- _MATERIAL TO PROCESS_
──────

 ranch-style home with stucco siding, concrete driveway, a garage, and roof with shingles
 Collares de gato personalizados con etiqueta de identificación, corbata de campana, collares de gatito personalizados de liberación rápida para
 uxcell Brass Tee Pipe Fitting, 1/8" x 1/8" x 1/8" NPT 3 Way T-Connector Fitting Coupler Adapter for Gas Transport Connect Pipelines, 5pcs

──────

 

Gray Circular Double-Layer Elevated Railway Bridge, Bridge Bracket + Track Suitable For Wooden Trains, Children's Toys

──────

Return, unchanged, the run of lines above that opens with the line containing "ranch-style home with" and closes with the line containing "Collares de gato". Include both.

 ranch-style home with stucco siding, concrete driveway, a garage, and roof with shingles
 Collares de gato personalizados con etiqueta de identificación, corbata de campana, collares de gatito personalizados de liberación rápida para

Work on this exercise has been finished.